Problem description:
From the entries that follow, gather each line holding the word "Lane".

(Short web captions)
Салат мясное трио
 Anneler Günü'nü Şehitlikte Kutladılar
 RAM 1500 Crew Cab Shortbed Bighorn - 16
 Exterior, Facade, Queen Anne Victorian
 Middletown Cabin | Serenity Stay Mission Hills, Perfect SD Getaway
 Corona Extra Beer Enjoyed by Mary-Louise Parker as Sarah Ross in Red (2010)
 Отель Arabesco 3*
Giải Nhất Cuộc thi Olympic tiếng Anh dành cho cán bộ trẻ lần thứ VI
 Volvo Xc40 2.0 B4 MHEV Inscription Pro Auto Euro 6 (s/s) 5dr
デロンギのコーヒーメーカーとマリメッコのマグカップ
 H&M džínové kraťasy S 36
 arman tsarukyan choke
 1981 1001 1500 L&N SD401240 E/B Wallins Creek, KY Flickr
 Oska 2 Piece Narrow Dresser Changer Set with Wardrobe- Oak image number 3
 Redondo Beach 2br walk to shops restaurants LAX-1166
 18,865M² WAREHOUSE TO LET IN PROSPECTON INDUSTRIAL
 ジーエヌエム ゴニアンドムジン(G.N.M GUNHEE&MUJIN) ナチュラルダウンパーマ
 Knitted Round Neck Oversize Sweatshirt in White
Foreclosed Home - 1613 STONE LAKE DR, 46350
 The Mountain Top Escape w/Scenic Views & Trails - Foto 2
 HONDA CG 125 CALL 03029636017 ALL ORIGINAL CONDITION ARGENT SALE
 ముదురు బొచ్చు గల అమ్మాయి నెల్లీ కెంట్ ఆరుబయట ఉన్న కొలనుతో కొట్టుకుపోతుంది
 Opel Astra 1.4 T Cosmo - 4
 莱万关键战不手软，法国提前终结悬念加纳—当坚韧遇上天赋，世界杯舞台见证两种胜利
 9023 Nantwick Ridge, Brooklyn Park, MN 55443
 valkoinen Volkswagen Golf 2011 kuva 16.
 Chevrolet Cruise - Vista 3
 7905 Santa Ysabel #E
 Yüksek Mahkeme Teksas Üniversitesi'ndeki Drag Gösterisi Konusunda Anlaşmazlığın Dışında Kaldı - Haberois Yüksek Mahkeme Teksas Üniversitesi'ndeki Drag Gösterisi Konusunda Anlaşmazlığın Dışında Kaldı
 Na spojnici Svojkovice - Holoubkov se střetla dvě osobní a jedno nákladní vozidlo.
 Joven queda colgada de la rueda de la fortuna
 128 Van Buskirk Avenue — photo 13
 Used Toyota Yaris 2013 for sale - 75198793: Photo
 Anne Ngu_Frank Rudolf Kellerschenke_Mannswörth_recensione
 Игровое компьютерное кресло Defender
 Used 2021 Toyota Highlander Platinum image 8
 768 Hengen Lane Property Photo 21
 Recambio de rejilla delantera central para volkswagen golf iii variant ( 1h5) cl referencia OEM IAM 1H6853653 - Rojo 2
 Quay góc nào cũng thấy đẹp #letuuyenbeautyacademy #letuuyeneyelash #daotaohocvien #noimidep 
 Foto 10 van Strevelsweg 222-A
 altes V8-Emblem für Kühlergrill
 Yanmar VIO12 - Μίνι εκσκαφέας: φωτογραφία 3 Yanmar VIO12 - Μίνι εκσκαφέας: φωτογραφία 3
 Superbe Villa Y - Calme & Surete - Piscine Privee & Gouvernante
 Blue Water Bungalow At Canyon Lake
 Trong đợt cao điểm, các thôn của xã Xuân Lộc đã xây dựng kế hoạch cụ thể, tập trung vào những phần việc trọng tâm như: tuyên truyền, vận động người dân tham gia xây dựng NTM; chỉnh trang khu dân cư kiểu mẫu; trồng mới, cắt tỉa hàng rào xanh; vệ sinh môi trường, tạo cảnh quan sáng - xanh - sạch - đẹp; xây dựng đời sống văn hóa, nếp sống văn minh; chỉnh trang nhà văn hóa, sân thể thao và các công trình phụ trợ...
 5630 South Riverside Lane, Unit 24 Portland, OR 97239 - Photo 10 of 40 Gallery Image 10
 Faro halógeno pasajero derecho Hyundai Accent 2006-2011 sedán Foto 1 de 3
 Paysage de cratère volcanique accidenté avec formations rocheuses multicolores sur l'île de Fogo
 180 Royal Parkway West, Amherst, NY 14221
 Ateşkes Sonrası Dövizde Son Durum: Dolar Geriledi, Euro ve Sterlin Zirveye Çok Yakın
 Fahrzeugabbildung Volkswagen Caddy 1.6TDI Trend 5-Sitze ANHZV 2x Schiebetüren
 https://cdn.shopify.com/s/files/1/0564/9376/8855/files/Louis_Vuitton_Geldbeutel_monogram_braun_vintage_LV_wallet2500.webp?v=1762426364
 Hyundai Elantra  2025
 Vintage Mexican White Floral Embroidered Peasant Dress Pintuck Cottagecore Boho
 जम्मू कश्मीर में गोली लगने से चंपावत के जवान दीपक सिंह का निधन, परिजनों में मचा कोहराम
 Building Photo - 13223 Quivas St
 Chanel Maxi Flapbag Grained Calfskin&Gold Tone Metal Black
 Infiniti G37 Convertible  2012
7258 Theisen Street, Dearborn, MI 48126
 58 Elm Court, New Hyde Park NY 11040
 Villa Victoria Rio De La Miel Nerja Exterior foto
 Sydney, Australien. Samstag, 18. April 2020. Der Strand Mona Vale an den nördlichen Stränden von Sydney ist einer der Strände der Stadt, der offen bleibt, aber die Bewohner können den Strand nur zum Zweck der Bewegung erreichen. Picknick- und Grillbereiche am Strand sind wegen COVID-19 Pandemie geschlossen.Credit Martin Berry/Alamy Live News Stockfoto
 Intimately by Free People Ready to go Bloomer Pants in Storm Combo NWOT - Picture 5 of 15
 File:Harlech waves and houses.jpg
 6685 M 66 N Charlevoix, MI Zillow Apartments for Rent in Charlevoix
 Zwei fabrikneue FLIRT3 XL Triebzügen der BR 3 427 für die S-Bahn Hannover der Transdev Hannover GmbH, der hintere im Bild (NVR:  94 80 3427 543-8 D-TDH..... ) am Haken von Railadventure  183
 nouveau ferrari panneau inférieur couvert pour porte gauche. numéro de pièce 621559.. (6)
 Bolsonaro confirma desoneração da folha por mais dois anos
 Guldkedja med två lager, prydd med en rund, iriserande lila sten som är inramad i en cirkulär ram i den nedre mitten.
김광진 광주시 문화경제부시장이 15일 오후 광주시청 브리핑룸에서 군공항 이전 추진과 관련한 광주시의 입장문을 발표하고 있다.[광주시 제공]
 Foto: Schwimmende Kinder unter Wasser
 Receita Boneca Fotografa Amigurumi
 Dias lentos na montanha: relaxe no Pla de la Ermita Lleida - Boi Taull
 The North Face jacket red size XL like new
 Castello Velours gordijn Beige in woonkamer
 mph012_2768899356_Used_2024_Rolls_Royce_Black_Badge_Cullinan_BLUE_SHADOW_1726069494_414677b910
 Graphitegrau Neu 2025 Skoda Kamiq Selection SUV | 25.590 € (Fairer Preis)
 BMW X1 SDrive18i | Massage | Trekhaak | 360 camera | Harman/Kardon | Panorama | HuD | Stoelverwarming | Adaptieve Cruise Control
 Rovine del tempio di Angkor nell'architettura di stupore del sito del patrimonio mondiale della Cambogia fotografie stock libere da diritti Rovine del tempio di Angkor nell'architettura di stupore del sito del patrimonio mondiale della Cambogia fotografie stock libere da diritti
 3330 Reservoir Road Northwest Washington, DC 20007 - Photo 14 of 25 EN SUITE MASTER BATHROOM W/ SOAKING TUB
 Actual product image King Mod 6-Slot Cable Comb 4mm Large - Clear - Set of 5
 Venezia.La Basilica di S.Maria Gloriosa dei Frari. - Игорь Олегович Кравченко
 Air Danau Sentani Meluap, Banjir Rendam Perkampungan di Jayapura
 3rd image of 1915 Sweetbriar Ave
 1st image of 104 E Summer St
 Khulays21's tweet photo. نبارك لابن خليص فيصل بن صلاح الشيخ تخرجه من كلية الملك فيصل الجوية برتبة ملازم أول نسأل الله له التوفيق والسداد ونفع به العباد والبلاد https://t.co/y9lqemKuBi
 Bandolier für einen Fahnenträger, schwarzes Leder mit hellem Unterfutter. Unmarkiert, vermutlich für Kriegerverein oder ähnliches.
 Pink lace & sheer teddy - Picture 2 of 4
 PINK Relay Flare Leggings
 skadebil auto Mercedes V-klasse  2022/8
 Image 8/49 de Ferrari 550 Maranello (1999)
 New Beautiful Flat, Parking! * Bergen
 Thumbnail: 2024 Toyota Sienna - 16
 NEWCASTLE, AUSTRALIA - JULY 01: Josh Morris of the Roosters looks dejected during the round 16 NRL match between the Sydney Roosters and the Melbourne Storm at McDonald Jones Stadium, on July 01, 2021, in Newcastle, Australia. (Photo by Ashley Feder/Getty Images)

Solution for this exercise:
 768 Hengen Lane Property Photo 21
 5630 South Riverside Lane, Unit 24 Portland, OR 97239 - Photo 10 of 40 Gallery Image 10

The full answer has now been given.